Descendieron en picado y volaron rápidamente hacia el extremo oeste del patio, donde los arbustos de flor aparecían marchitos y parduscos. «Igual que el clavo», susurró para sí. Blancanieves siguió a los pájaros, consciente de que había algo que deseaban mostrarle.
Los guardias se estaban aproximando y los dos jinetes se encontraban casi sobre ella. Podía oír el fuerte repiqueteo de los cascos de los caballos sobre la piedra.
—¡Cogedla! ¡Está atrapada! —gritó alguien al grupo desde el salón del trono.
Blancanieves continuó tras las aves, que se iban aproximando a la inmensa muralla de piedra. Entonces, miró hacia abajo y se dio cuenta, por fin, de lo que querían enseñarle.
Allí, bajo los mustios arbustos, se encontraba la entrada de las cloacas del castillo. Era un agujero de aproximadamente un metro de ancho, suficiente para deslizarse a través de él.
Las urracas levantaron el vuelo. Blancanieves se agachó, se arrastró de lado por el suelo de piedra y se descolgó hacia el interior de la cloaca.
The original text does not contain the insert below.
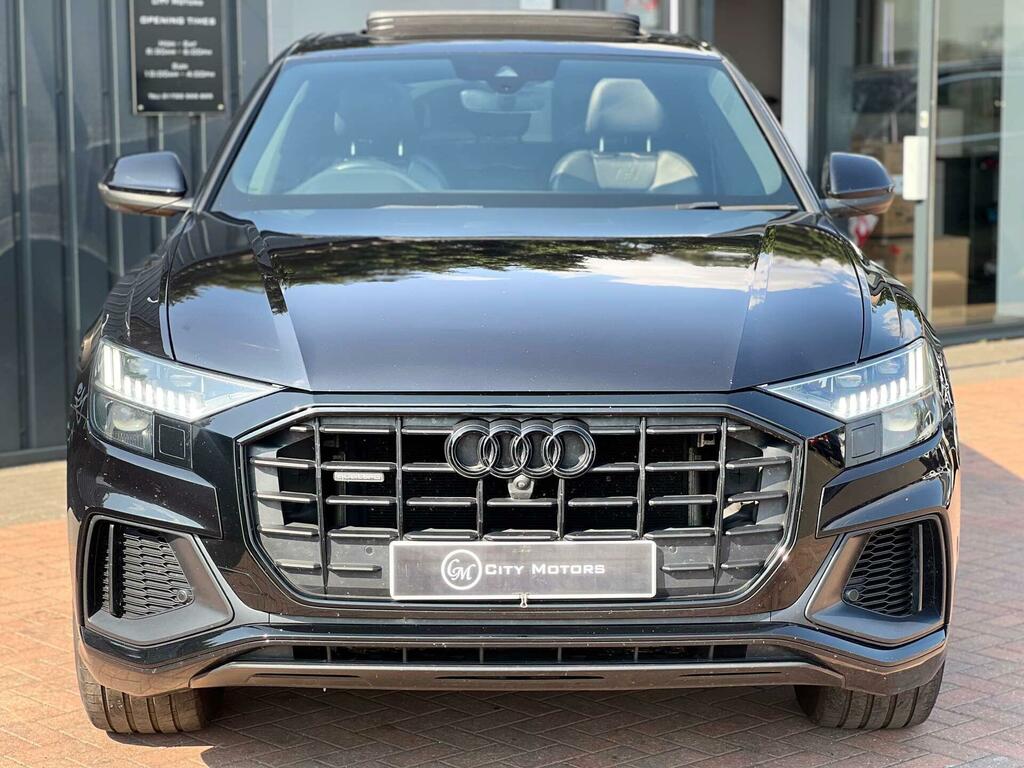 Audi Q8 S Line Black #3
Permaneció allí unos instantes, con los dedos aferrados al borde del sumidero, antes de dejarse caer. Apenas podía respirar mientras se precipitaba hacia la oscuridad.
Al segundo, fue barrida por la corriente de agua. Muy por encima de ella, un guardia trataba de introducir el cuerpo en el agujero para seguirla, pero era demasiado estrecho. Se quedó atascado a la altura de las caderas y con las piernas colgando; daba patadas desesperadamente.
—¡Abrid las puertas! ¡La princesa ha escapado! —gritó un guardia, y el eco de su voz se expandió por el túnel mientras ella se deslizaba hacia el exterior.
Al pasar junto al muro, Blancanieves alargó los brazos para agarrarse, pero estaba cubierto de algas viscosas. La piedra se encontraba tan resbaladiza que no pudo aferrarse y el fango espeso se le incrustó bajo las uñas y se las tiñó de verde.
Después de tantos años encerrada en la torre, sus piernas carecían de la fuerza necesaria para mantenerse a flote. Pataleó tan fuerte como pudo, luchando contra la corriente, y agitó los brazos. Pero a medida que el túnel se estrechaba, el agua la iba sumergiendo.
Desapareció bajo el lodo espumoso y el mundo entero se volvió negro.
El agua la arrastró hacia una larga y angosta tubería y notó cómo las paredes se estrechaban a su alrededor. Sus hombros las rozaban al pasar, así que trató de encogerse lo máximo posible, recogiendo los brazos sobre el pecho y cruzando las piernas. No se atrevía a moverse, pues temía quedarse atascada.
Momentos después, el túnel se acabó y Blancanieves salió a aguas abiertas, sintiendo por fin brazos y piernas libres de ataduras. Tenía los pulmones a punto de estallar. Necesitaba desesperadamente coger aire. Alzó la vista hacia la superficie del agua, a unos seis metros por encima de ella. Había algas flotando que proyectaban sombras sobre su rostro. Sacudió las piernas con desesperación, hacia el sol, pero cuando llegó a la capa de algas, encontró que era demasiado densa. Las plantas se enredaron en torno a sus brazos y a sus piernas, y la empujaron hacia el fondo.